I recently inquired about Ann Arbor’s use of automated license plate readers, aka ALPRs. This technology can be useful for things like parking violation enforcement (which Ann Arbor uses it for), but depending on a police department’s use of the technology, it can have worrying privacy implications.
This EFF article should help understand the power of ALPR data as well as some of the potential pitfalls (in particular, EFF found that lower-income and minority communities in Oakland, CA were disproportionately subject to surveillance).
My questions were:
- How many ALPRs does the city have now?
- What are they used for?
- What data is collected by our ALPRs? (Just the plate number? The date & time it was seen? The location where each plate was seen?)

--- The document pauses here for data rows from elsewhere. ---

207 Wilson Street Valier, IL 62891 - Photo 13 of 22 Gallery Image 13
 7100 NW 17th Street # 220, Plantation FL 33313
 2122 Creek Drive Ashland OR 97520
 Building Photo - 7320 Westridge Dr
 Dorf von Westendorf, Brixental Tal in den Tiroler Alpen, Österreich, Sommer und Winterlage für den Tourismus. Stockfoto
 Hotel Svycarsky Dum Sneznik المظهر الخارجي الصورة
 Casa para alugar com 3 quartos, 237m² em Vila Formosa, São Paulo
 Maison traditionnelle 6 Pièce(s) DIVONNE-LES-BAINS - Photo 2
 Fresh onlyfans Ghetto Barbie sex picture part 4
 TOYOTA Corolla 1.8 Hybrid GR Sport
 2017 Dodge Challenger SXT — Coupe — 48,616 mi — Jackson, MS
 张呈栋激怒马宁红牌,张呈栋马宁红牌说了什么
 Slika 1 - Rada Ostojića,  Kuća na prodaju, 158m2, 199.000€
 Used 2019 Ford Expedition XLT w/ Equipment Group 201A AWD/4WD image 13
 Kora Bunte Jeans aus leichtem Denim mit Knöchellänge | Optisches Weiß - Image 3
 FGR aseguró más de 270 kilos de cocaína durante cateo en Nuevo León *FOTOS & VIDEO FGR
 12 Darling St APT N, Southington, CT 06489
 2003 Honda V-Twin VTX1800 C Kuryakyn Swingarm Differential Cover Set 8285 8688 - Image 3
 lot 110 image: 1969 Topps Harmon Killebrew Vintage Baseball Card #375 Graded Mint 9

- What data retention policy is in place for that data? (Is it used solely to check for expired tags, or are logs kept for days or weeks to aid in investigations?)
- What policies are in place regarding the use of ALPR data? (Do we have some formal policy that enforces who can access logs, for what reasons?)
- Roughly many ALPR records does the city currently have?
I received a friendly response from Police Chief James Baird which adequately addressed my privacy concerns.
In brief, my takeaways from the response:
- The Ann Arbor Police Department has 3 ALPRs; 2 are currently in use.
- They are used by the Community Standards Unit for parking enforcement.
- A list of vehicles with 4-6 or more outstanding violations is periodically put on a USB key and manually copied into the ALPR computers in cars.
- Data is stored locally on the system in-car, not uploaded anywhere.
- Data retention may be 365 or 90 days; Chief Baird wasn’t sure.
- Chief Baird: “The information is never accessed for any other reason other than an immediate ‘hit’ [detection of a vehicle with outstanding violations] … We have had the devices in service for approximately 10 years now and have never accessed the data for any reason. I have no one on staff who even knows how since it’s not used for investigative purposes.”
- Chief Baird: “I also don’t know if location information is captured.”
An Ann Arbor Police Department ALPR.